── RECORDS TO USE ──

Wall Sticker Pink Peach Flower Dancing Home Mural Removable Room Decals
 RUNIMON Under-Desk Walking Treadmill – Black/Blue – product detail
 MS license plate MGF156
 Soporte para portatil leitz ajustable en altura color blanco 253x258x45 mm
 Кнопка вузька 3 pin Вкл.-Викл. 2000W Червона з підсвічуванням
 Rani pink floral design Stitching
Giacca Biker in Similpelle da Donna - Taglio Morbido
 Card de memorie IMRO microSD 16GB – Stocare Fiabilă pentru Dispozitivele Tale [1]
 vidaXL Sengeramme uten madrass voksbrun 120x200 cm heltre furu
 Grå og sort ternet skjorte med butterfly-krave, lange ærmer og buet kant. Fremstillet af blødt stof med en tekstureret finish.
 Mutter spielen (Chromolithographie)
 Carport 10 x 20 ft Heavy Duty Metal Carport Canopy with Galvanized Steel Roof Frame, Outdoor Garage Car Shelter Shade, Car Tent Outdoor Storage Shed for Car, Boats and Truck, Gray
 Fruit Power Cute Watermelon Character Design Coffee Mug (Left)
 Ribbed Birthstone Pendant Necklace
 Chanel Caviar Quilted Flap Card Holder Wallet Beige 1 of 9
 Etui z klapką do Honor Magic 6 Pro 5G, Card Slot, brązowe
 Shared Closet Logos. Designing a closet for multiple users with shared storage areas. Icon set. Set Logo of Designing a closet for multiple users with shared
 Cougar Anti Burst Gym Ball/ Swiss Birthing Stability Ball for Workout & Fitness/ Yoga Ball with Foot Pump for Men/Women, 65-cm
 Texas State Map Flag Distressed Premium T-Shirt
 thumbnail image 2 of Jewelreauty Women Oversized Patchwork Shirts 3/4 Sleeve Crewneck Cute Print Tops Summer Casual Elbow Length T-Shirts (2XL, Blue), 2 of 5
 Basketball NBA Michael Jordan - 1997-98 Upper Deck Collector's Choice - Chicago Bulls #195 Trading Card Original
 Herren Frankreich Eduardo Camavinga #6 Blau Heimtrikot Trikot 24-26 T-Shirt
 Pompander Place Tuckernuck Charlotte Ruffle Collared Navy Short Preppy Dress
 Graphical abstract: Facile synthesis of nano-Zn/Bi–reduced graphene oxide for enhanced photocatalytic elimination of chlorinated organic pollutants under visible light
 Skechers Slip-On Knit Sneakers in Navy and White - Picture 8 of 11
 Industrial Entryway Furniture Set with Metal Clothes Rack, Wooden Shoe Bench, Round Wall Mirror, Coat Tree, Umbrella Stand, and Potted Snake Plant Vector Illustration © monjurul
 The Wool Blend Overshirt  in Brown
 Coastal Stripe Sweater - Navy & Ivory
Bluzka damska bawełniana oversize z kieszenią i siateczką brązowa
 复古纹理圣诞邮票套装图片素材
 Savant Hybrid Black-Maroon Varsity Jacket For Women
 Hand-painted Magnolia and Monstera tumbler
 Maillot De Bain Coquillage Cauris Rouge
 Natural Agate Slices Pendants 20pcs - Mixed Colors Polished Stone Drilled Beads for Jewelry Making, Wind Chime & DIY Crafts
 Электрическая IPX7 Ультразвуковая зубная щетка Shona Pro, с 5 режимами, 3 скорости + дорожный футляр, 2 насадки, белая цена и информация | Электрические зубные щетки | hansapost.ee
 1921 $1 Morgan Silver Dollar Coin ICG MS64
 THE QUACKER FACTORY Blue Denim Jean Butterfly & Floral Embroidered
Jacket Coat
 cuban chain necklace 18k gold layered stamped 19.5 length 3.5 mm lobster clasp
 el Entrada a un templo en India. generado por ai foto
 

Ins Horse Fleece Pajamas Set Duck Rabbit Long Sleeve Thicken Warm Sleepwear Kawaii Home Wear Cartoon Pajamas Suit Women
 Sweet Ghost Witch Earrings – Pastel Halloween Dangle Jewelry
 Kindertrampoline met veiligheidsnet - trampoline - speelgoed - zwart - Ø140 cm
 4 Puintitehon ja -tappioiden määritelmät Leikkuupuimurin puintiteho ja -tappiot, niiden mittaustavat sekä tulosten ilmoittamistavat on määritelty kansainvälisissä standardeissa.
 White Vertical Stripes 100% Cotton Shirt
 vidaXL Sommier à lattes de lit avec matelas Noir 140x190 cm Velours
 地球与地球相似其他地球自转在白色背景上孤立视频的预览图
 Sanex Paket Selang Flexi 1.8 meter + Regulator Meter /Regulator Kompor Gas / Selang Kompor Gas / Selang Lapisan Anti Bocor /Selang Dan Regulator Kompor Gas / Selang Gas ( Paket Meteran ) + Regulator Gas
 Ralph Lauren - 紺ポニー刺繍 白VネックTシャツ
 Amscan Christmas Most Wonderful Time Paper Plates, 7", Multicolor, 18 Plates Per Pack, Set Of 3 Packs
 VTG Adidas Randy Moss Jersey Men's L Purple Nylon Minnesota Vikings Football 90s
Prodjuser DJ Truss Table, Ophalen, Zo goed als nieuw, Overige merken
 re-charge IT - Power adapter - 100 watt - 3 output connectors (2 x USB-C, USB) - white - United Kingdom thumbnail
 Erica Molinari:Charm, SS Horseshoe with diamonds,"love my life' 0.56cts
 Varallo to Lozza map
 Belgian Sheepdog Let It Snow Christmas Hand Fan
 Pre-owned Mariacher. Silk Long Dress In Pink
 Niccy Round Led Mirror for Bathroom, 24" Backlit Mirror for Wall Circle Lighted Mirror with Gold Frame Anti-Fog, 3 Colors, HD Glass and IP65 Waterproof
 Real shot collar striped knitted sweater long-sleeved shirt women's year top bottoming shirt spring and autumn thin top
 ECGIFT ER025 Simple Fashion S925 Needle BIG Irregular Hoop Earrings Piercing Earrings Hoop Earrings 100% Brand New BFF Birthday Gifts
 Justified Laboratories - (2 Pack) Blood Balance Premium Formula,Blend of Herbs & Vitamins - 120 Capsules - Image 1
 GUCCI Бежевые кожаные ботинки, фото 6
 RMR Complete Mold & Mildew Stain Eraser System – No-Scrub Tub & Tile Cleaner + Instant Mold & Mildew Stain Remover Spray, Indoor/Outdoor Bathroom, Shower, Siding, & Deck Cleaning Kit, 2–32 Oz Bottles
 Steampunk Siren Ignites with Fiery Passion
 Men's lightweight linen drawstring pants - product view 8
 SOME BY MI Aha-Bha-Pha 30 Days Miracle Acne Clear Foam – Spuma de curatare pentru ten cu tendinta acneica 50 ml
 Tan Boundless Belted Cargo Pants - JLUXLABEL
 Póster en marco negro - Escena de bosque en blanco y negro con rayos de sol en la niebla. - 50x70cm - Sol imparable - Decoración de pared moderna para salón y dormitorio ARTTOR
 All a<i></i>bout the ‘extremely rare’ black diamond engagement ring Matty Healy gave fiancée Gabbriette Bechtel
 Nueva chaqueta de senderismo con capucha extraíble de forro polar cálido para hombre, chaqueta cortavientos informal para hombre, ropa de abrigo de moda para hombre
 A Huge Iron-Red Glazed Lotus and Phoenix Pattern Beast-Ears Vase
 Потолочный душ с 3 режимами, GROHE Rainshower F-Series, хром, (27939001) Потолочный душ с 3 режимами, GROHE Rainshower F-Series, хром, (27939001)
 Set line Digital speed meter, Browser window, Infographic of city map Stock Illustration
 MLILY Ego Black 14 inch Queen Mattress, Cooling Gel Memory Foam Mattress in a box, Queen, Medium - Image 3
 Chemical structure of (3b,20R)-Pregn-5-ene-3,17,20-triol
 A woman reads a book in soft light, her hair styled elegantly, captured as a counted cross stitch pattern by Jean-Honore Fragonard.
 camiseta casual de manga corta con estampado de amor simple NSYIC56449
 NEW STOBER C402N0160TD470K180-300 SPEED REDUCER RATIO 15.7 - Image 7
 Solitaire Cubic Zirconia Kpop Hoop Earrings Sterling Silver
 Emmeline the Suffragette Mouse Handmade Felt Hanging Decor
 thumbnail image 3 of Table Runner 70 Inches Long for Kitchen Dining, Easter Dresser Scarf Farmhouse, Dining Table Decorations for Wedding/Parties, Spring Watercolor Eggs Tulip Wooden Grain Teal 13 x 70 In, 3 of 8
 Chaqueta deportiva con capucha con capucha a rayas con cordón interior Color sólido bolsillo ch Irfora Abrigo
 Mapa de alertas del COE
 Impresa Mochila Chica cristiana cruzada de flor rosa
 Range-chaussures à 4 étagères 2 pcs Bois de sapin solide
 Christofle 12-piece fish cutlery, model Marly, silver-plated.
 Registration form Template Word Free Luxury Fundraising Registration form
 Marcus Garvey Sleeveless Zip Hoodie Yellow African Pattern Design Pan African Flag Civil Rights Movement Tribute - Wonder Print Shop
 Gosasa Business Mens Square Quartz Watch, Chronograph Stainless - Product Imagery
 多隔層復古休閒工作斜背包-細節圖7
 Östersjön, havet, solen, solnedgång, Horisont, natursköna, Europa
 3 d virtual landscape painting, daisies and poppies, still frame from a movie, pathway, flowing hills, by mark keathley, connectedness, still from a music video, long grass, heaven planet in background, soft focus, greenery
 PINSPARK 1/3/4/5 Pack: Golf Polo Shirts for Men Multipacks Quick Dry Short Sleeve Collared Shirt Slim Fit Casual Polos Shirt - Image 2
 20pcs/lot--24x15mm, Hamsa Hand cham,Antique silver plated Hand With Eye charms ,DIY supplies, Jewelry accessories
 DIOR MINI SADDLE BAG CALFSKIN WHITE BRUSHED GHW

───

● EXERCISE INSTRUCTIONS:
Above are the entries. Quote exactly the lines from the one bearing "Soporte para portatil" through the one bearing "Grå og sort".

● TASK SOLUTION:
 Soporte para portatil leitz ajustable en altura color blanco 253x258x45 mm
 Кнопка вузька 3 pin Вкл.-Викл. 2000W Червона з підсвічуванням
 Rani pink floral design Stitching
Giacca Biker in Similpelle da Donna - Taglio Morbido
 Card de memorie IMRO microSD 16GB – Stocare Fiabilă pentru Dispozitivele Tale [1]
 vidaXL Sengeramme uten madrass voksbrun 120x200 cm heltre furu
 Grå og sort ternet skjorte med butterfly-krave, lange ærmer og buet kant. Fremstillet af blødt stof med en tekstureret finish.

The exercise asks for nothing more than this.